Dr. Reena Kapoor, a Yale School of Medicine psychiatrist serving as the court-appointed monitor, delivered this assessment in her March 24, 2026 progress report. She determined that the Massachusetts Department of Correction (DOC) has reached substantial compliance on just 51 of the agreement’s 125 provisions—roughly 41 percent—and remains out of compliance on two others.

She stated that meeting the December 20, 2026 target is not possible and expects the parties to begin discussions soon about whether to extend, modify, or end the agreement after that date.

The settlement was signed on December 20, 2022, following a DOJ investigation launched in 2018. Federal findings released in 2020 documented systemic failures in supervising and treating prisoners in mental health emergencies, including disturbing cases of self-harm occurring under observation. The DOC denied violating constitutional rights but agreed to the reforms to avoid litigation. The pact required full implementation of new policies, staffing plans, training, and practices within three years, with the possibility of termination after four years if substantial compliance was maintained for a full year.

According to the Commonwealth, progress has been steady but uneven. While there have been incremental gains at most facilities, including a 65 percent increase in full-time mental health staffing (from 89 positions in early 2023 to 148 by late 2025), shorter average stays under therapeutic supervision, and an overall drop in self-harm incidents.

The department has also rolled out enhanced data collection, more frequent out-of-cell therapeutic contacts, updated suicide-prevention training, and a new Intensive Stabilization Unit at Old Colony Correctional Center to provide structured support for those in acute distress.

Yet significant hurdles remain, especially at Souza-Baranowski Correctional Center, the state’s maximum-security facility, where mental health staffing still lags and consistent therapeutic care is harder to deliver amid the security-focused environment. Policy revisions in some areas are behind schedule, and certain documentation and individualized decision-making practices need further refinement.

The report arrives against the backdrop of a difficult 2025, when six suicides occurred across DOC facilities—including Souza-Baranowski, MCI-Norfolk, and MCI-Shirley—a notable increase from prior years when the annual total was one or zero. Four of those individuals had been on the mental health caseload and seen by a professional within the prior 17 days; several had prior suicide attempts.

In response, the DOC hired correctional mental health expert Dr. Sharen Barboza to conduct an independent analysis. Her recommendations prompted the department to announce a package of enhancements on March 18, 2026.
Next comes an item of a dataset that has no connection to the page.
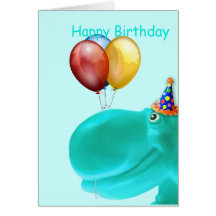 Glückliches Flusspferd-aquamariner Geburtstag Karte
Those steps include launching an overnight mental health wellness helpline, clarifying policies and training for transitions into Behavioral Adjustment Units, requiring more comprehensive risk assessments that review full mental health histories, improving continuity of care documentation, setting minimum standards for clinical contact length, and bolstering advanced training on suicide risk assessment and safety planning. The DOC has also intensified efforts to intercept contraband such as K2 that can destabilize vulnerable individuals.
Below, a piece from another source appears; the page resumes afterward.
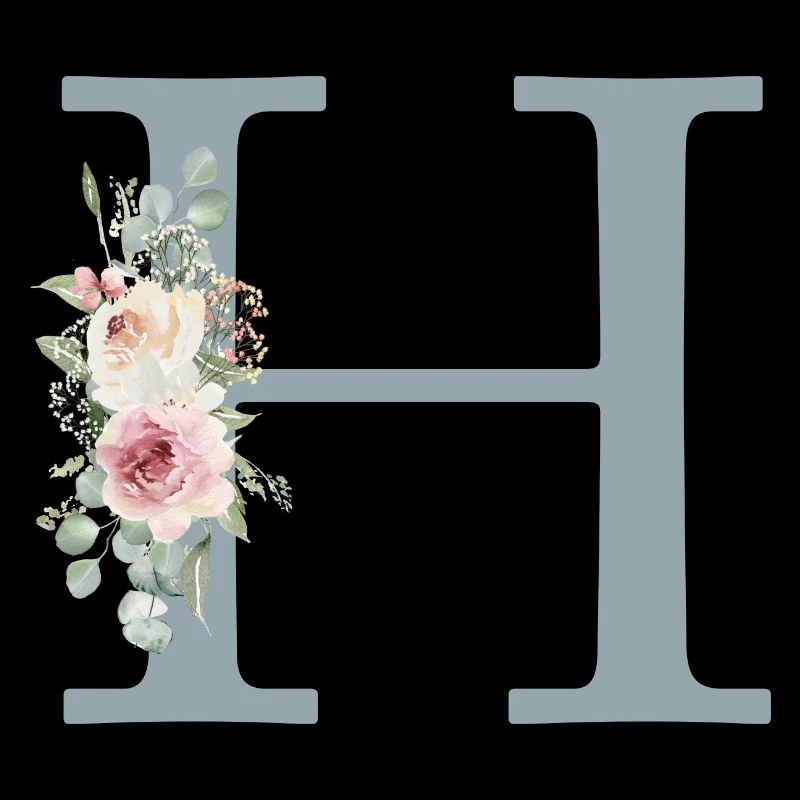 H| Monogramme | Eucalyptus Pastel Fleur Bleu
While the reforms have produced measurable advances—such as the new stabilization unit serving as an “off-ramp” from prolonged crises and better multidisciplinary approaches to treatment—the monitor emphasized that high-security settings still struggle to provide consistent, therapeutic environments.

With roughly nine months until the current agreement’s milestone, stakeholders now face decisions about the future of federal oversight and how best to sustain momentum in protecting the rights and well-being of those in custody.